Although the listing contains pictures, reproduce only its text, exactly as written.

_THE DATA_:
>>>>
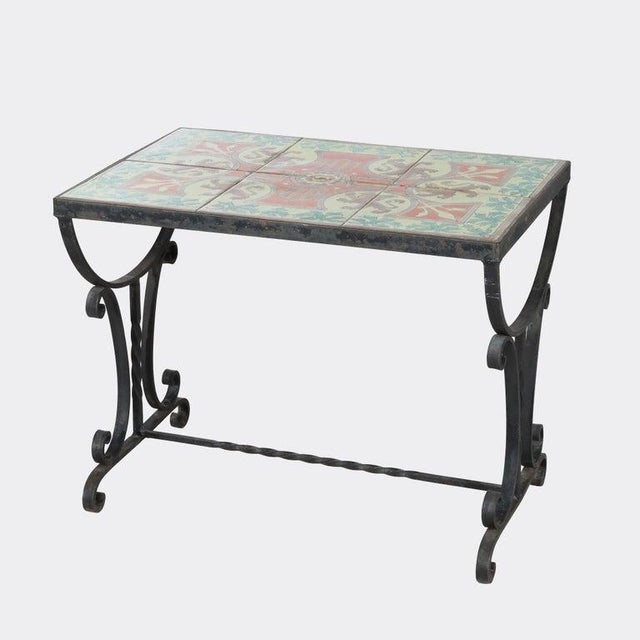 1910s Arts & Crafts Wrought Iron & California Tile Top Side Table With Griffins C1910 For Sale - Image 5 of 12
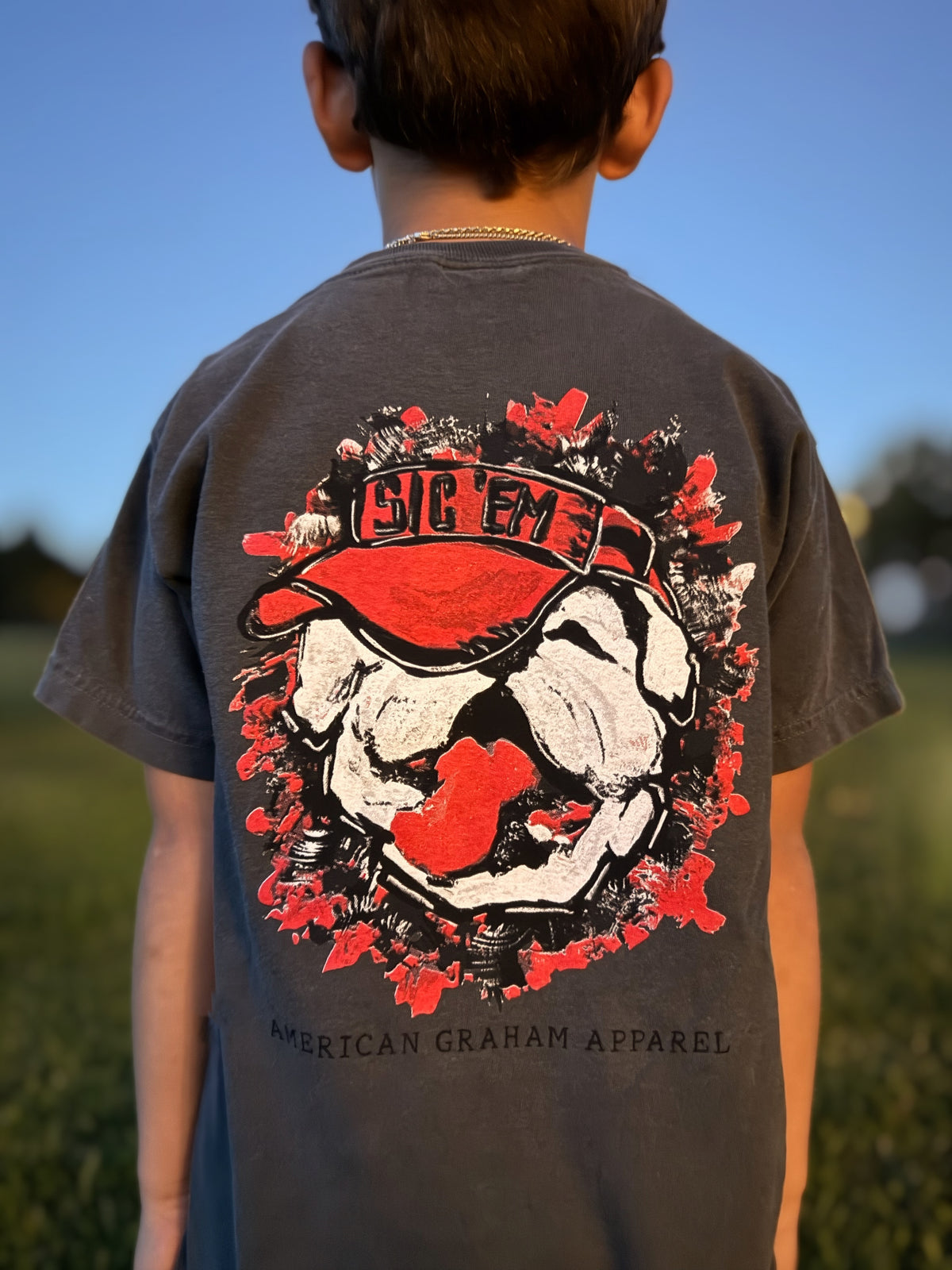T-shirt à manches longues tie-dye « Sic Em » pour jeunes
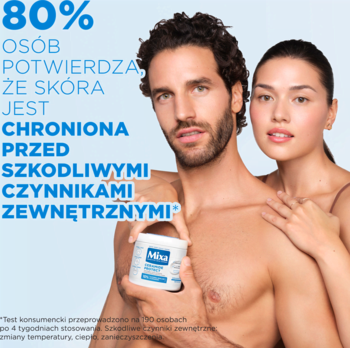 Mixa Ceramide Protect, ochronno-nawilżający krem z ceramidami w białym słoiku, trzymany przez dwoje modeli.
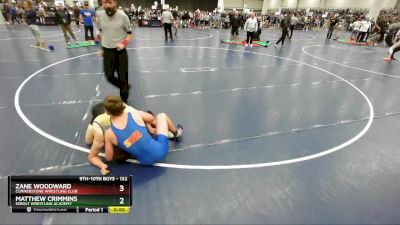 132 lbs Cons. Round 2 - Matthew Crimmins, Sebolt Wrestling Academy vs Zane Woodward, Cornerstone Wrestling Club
<<<<
_THE COMPLETED TASK_:
 1910s Arts & Crafts Wrought Iron & California Tile Top Side Table With Griffins C1910 For Sale - Image 5 of 12
T-shirt à manches longues tie-dye « Sic Em » pour jeunes
 Mixa Ceramide Protect, ochronno-nawilżający krem z ceramidami w białym słoiku, trzymany przez dwoje modeli.
 132 lbs Cons. Round 2 - Matthew Crimmins, Sebolt Wrestling Academy vs Zane Woodward, Cornerstone Wrestling Club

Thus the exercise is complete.